The paper is clearly written and only suffers occasionally from fluency issues. Some are noted below.
Line 28: "fields" -> "data conditions" or "domains for some languages"
Line 31: "large-scale parallel corpus" -> "large parallel corpora"
Line 32: "enough parallel corpus" -> "parallel corpora large enough"
Line 32: "an advanced" -> "a high-quality" (also elsewhere)
Line 35: "small scale" -> "small"
Line 39: "corpus is" -> "corpora are"
Line 37: "advantages" -> "benefits" (also elsewhere)
Line 66: "fragment" -> "fragments"
Line 68: "collaborates with" -> "builds on"
Line 83: "over fitting" -> "over-fitting" or "overfitting"
Line 151: "simple" -> "simplified variant"
Line 153: can you clarify what is happening here? it sounds like that you throw out translations for frequent pairs that tend to have a longer tail of paired translations.
Line 230: "no pre-trained" -> "not pre-trained"
Author Response
Thank you for your affirmation and suggestions. Please refer to the attachment for specific modifications.
Author Response File: Author Response.docx
Reviewer 2 Report
A paragraph to be included describing the layout of the paper
The "Related Work" section is very short relative to the introduction. I suggest to add some material from the introduction here to make it shorter the "introduction" and enlarge the related work part.
The methodology section writing is hard to be read.
I didn't understand some sentences like: "In this paper, we propose a new method that can cooperate with the mask-based pre-training approaches. Our method first extracts a bilingual lexicon from parallel corpus and then randomly replaces unmasked words in monolingual data" lines 274 -276
Contributions of the paper are not clear. For example:
- I couldn't understand how the proposed method alleviated the over fitting??
- couldn't understand how the word translation model was used to measure the alignment knowledge in different models?
Author Response
Thank you for your suggestion, which makes this paper easier to understand. Please refer to the attachment for specific modifications.
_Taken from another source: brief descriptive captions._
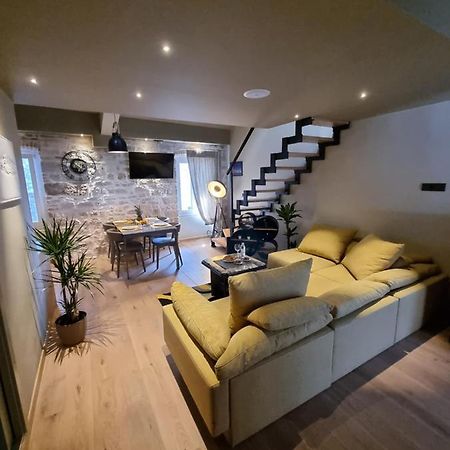 ˇdcˇ Modern Apartment Near The Church 로비니 외부 사진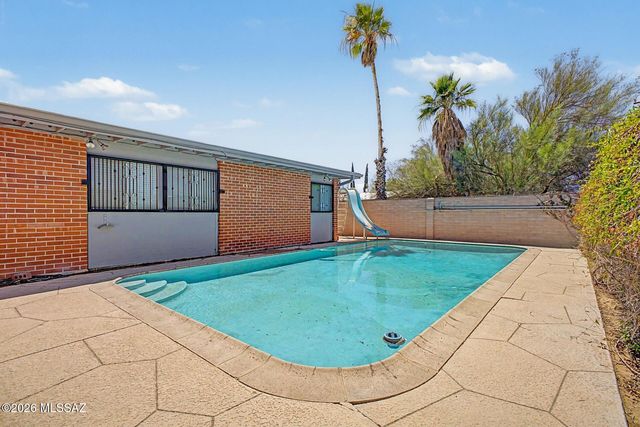 3302 W Calle Fresa, Tucson, AZ 85741
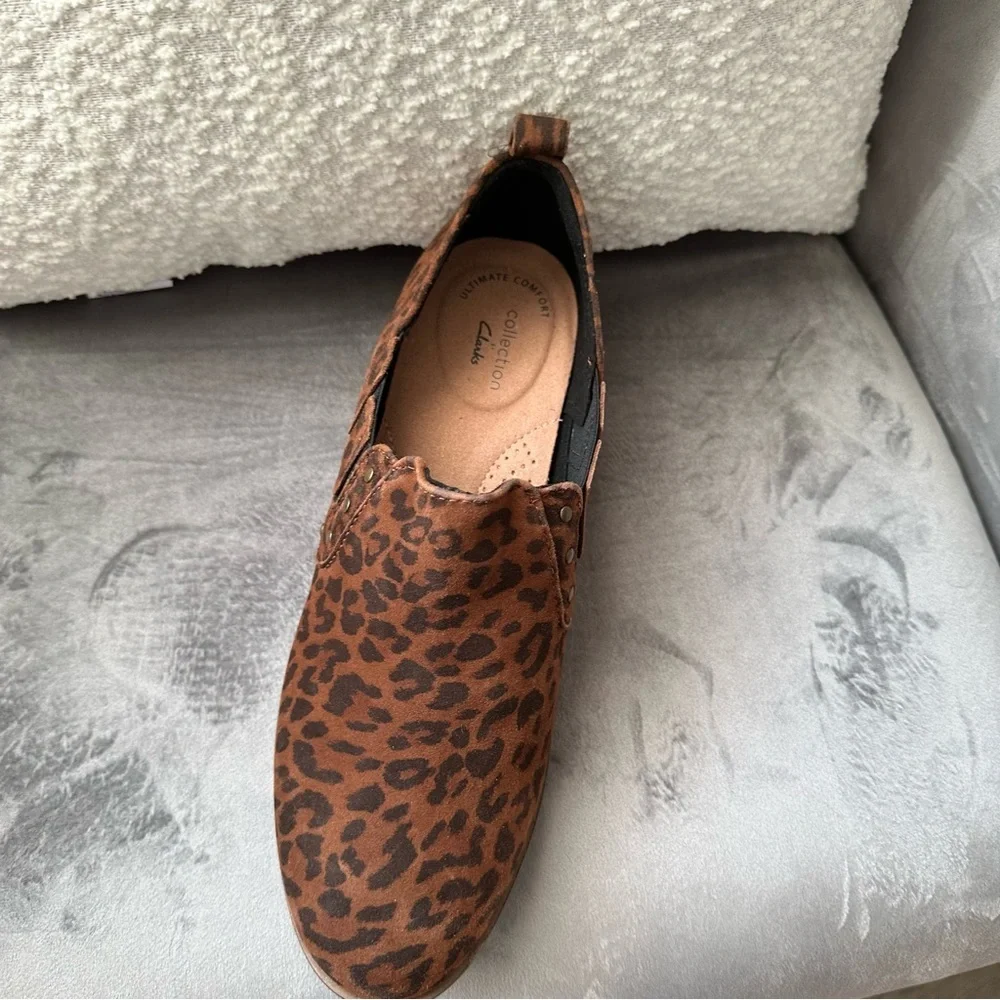 Clarks Collection Trish Bell Leopard Print Shootie Womens Slip-On Size 9.5
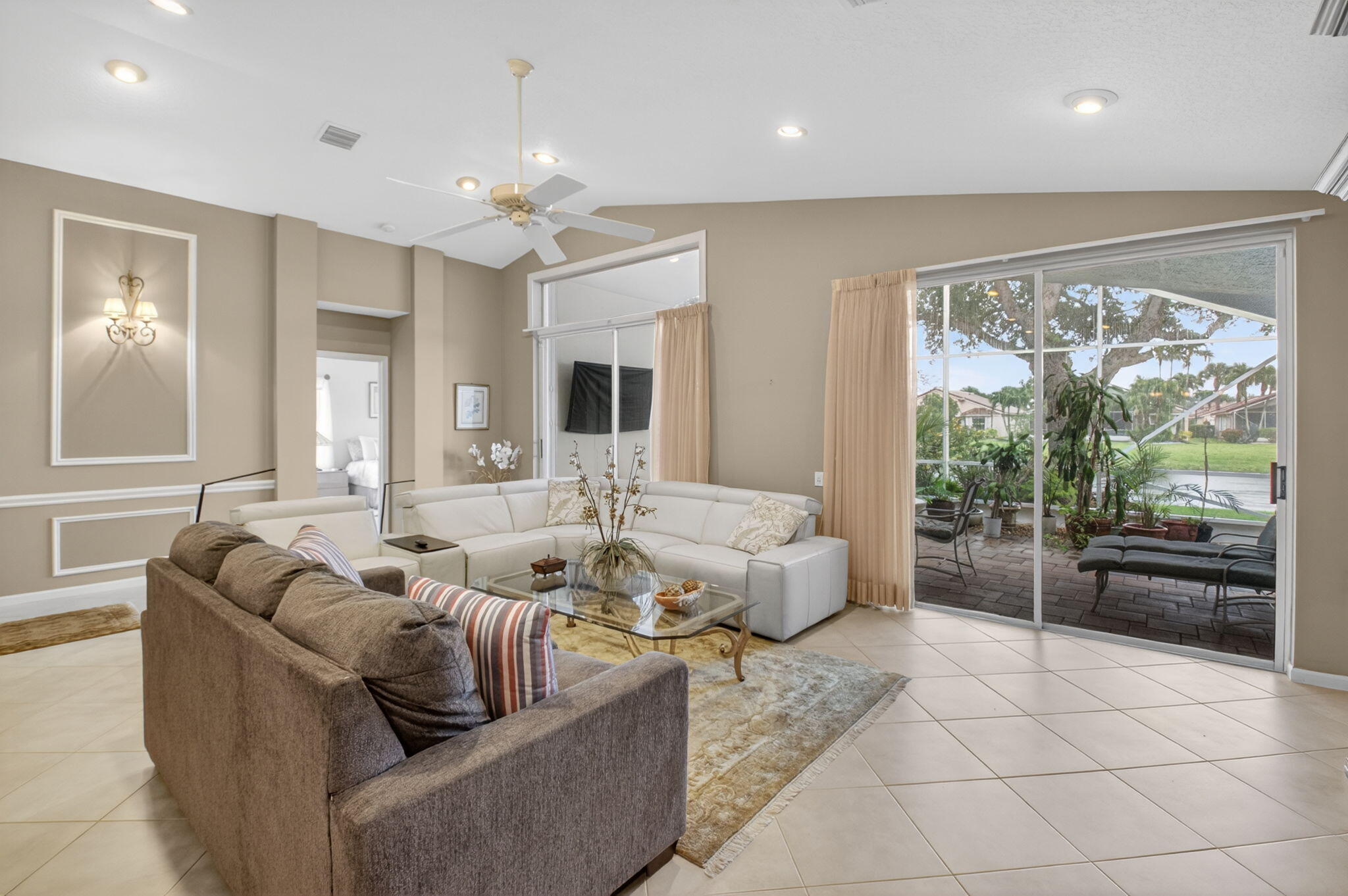 5256 Glenville Drive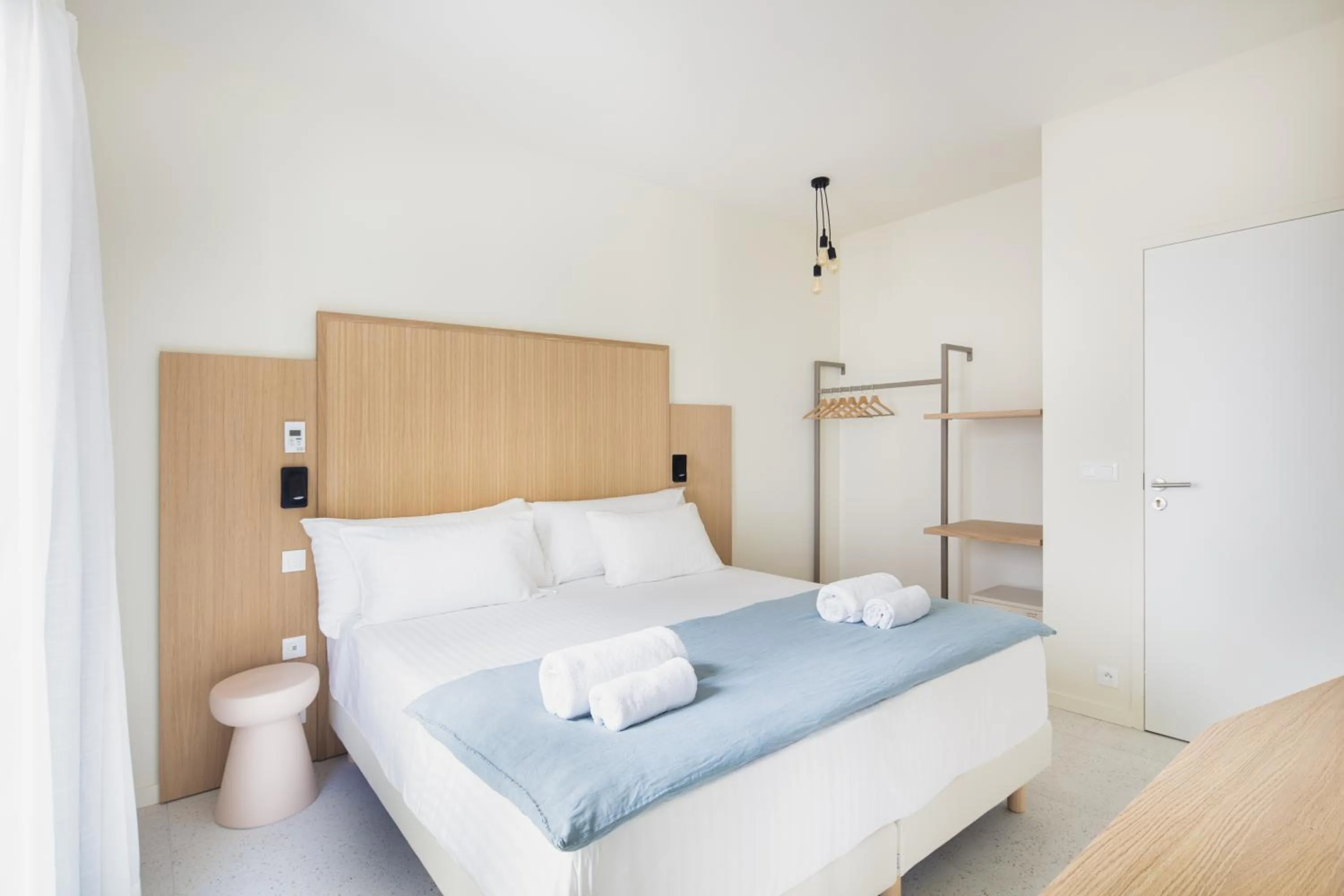 Photo of the whole room, Bed in Hôtel La Suite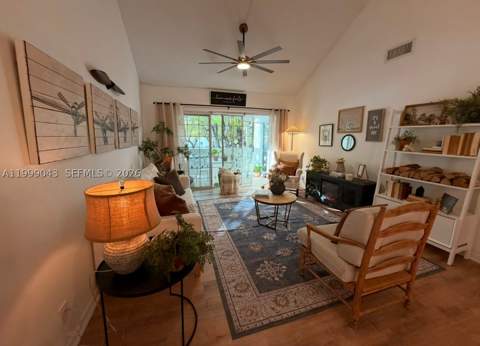 10441 Mahogany Key Cir 202, Miami FL - photo 7 of 42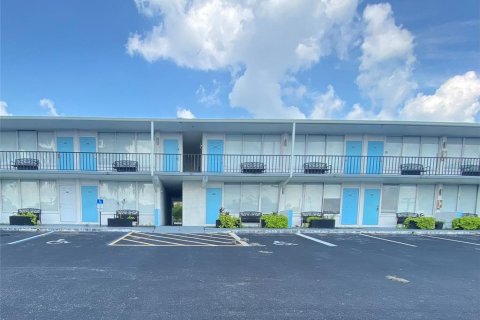 Apartment in Lakeland, Florida 3 rooms, 46.45 sq.m. № 2379303
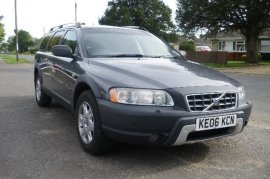 Volvo XC70 2.4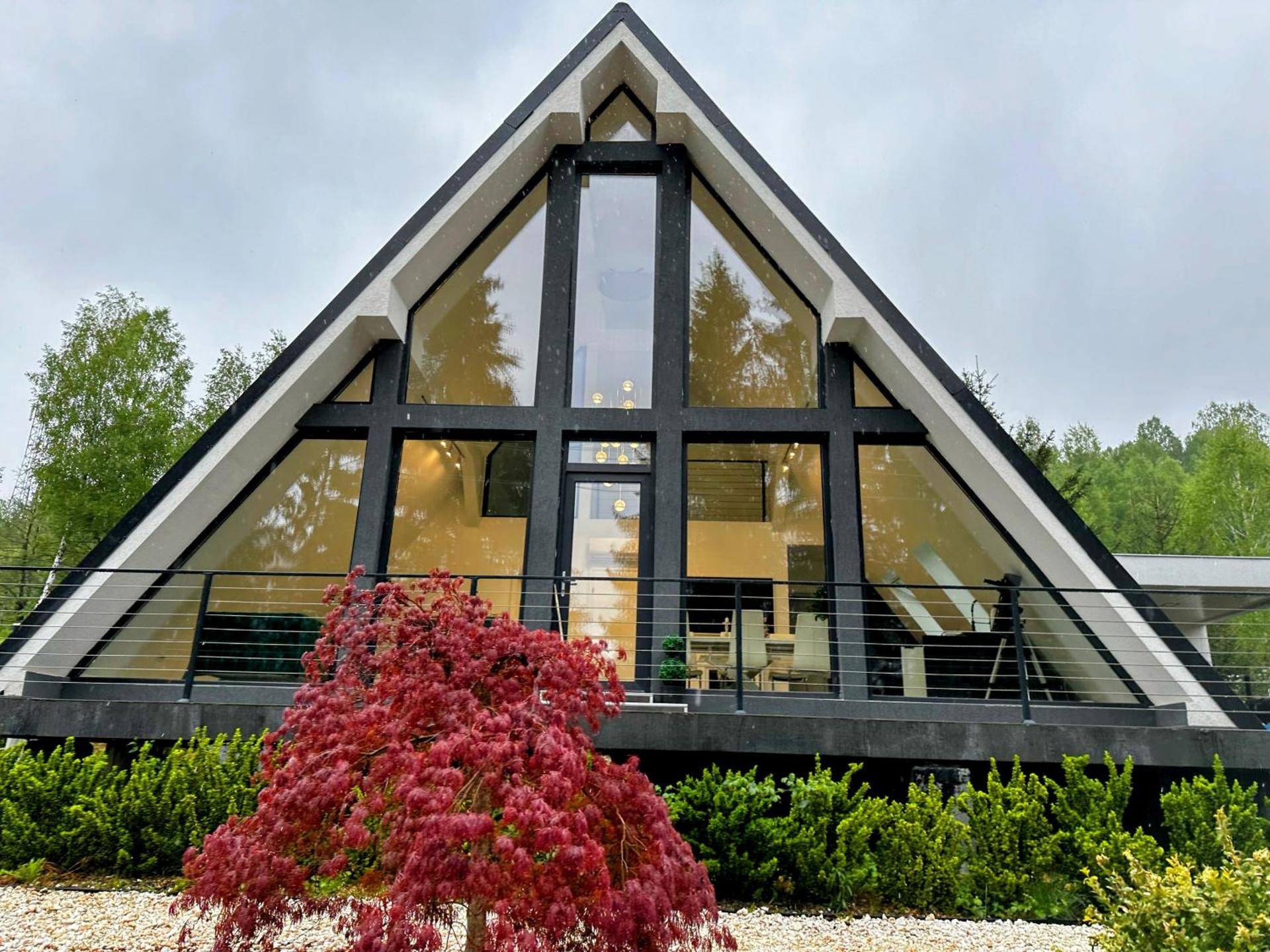 Pine Hill Poiana Marului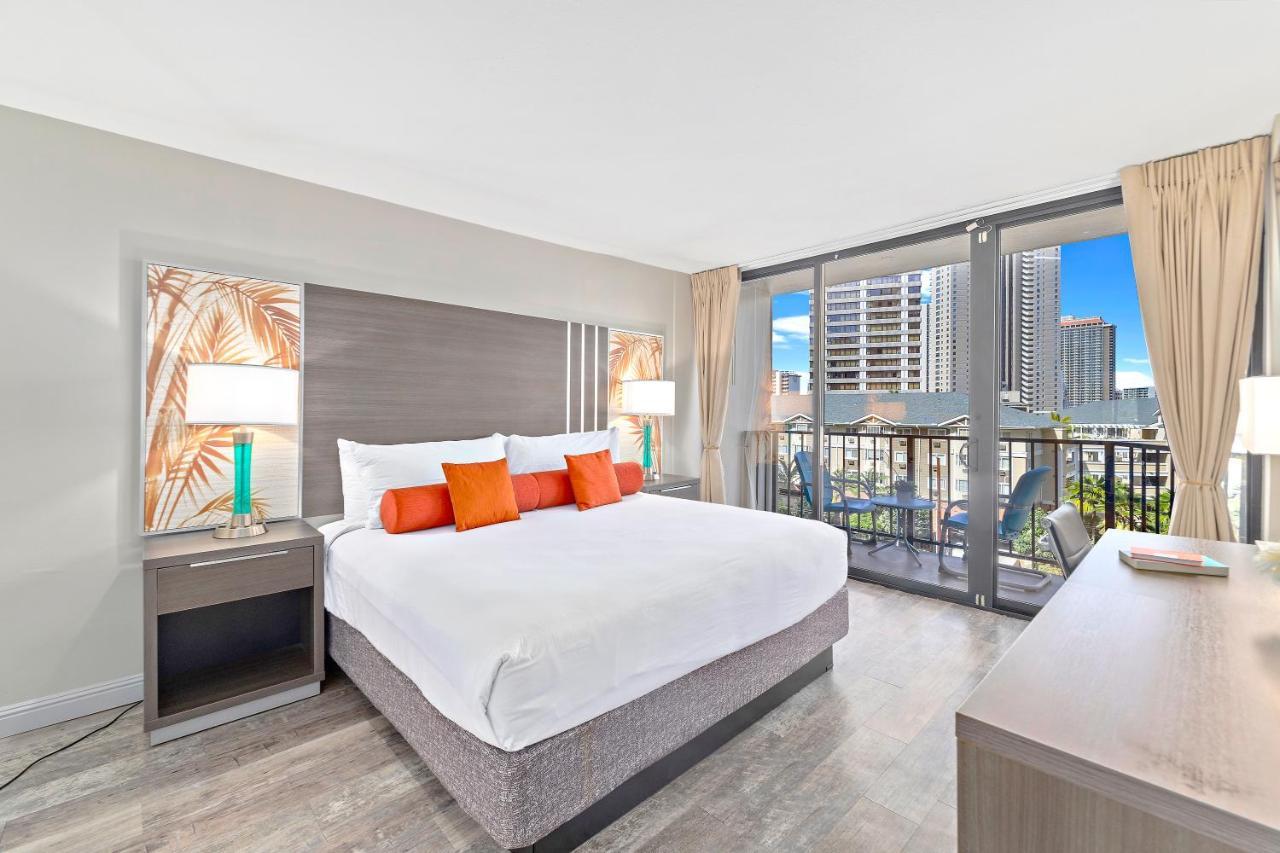 Renovated With City View At Aqua Palms Waikiki Honolulu Eksteriør billede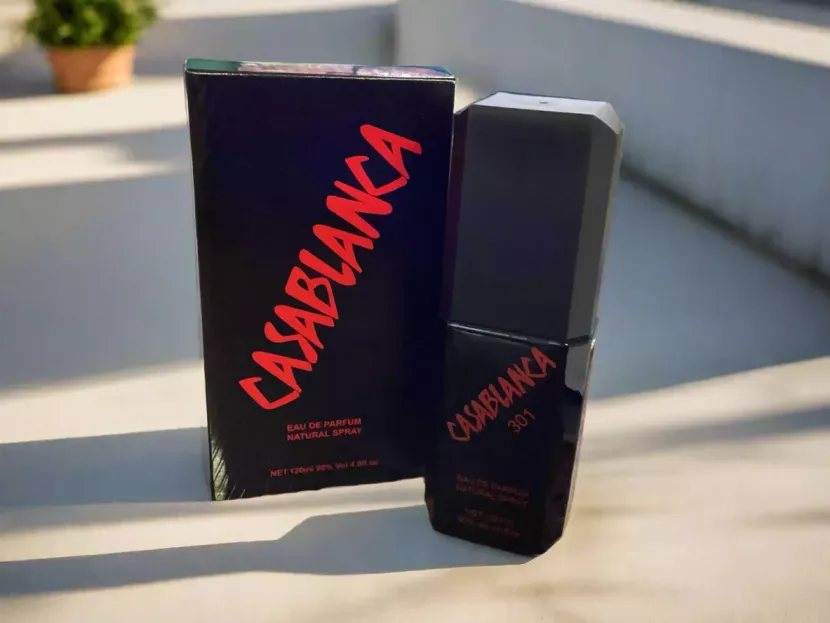 Sablon botol Parfum Casablanca Black 301 Eau de Parfum (sumber: Google/ The Home Expo)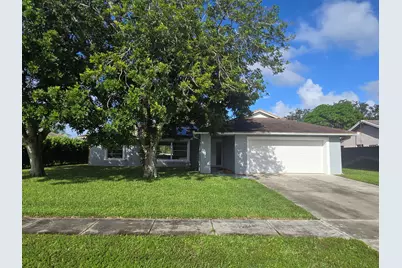 242 Las Palmas Street, Royal Palm Beach, FL 33411 - Photo 4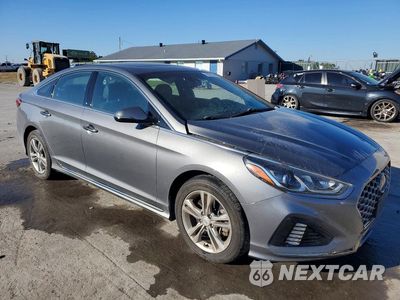 Czwarte zdjęcie samochodu z boku: 2019 HYUNDAI SONATA SPORT VIN:5NPE34AFXKH805369 - miniatura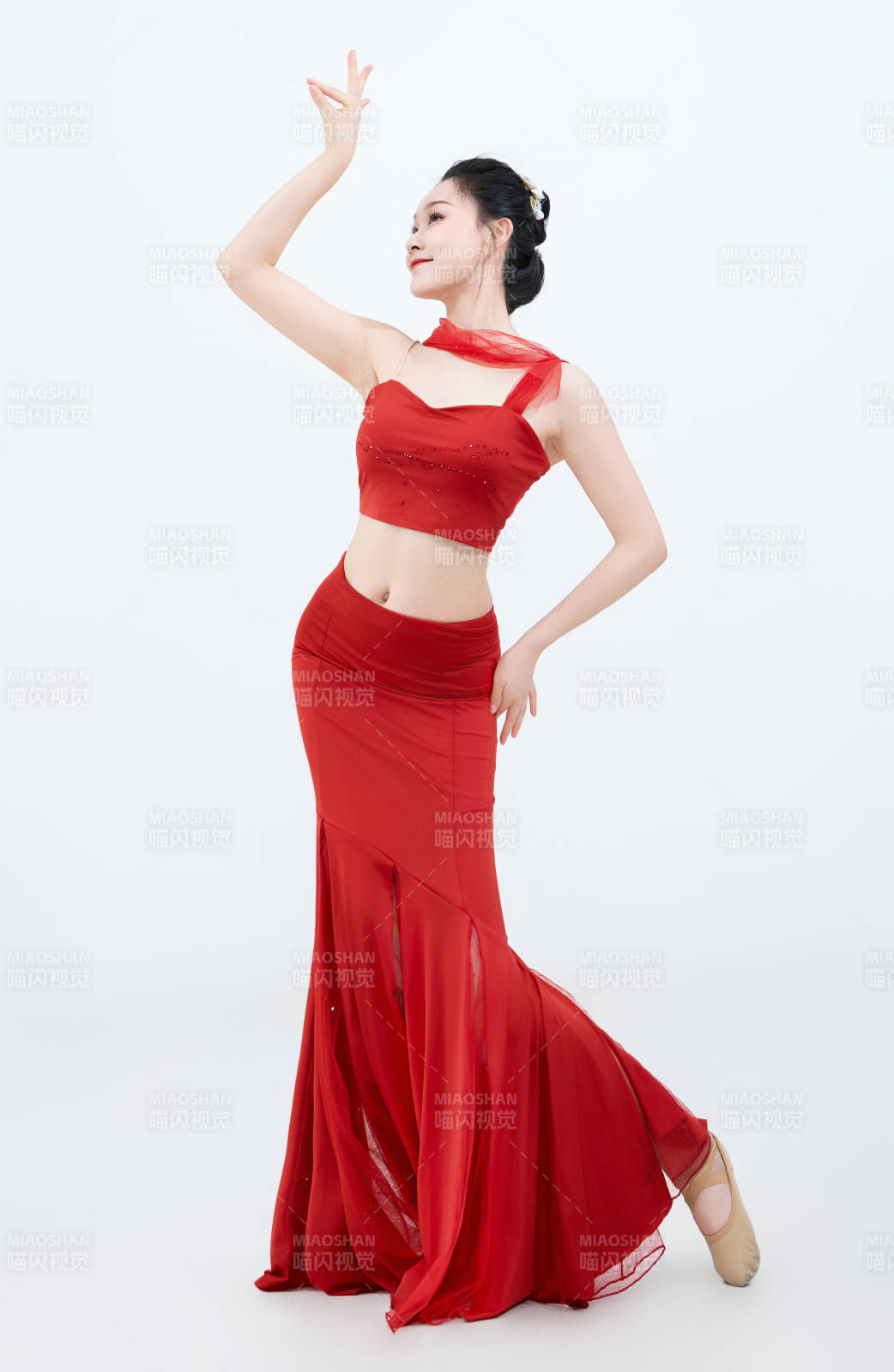 表演中國傳統(tǒng)民族舞蹈傣族舞的美麗舞者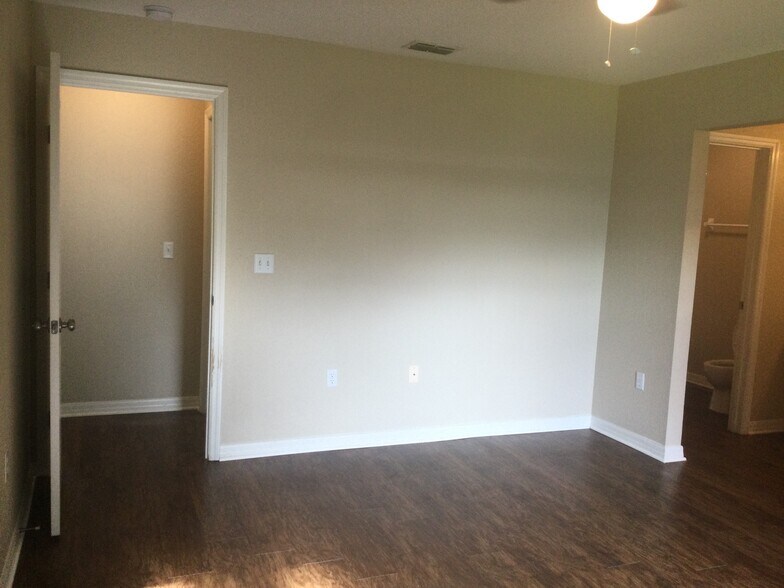 Building Photo - 6925 Krenson Oaks St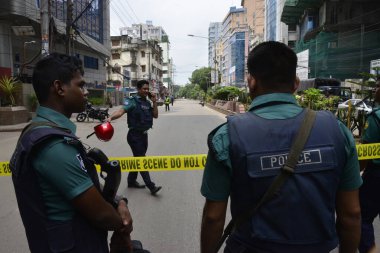 Bangladeşli Gazeteci ve Vatandaşlar, 15 Ağustos 2017 'de Bangladeş' in Dhaka kentindeki patlama noktasında dururlar. Dhaka 'nın Panthapath bölgesinde bir oteldeki operasyonda şüpheli bir militan öldürüldü.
Author Response File: Author Response.docx
Round 2
Reviewer 2 Report
The authors updated the paper taking into considerations my comments. However, I still have a problem with the contributions as I didn't see evidence for enhancing the quality of NMT using the given approach except enhancing the PPL score of the word translation model result but not a sentence to sentence translation as most MT systems do. Could the authors clarify this point?
Author Response
Please see the attachment
Author Response File: Author Response.docx
Round 3
Reviewer 2 Report
Table-2 answer my question but you should have highlighted this results in the conclusion and in your contribution. Not mentioning it in the contribution let me think you missed it as you emphasized more the improvement in PPL.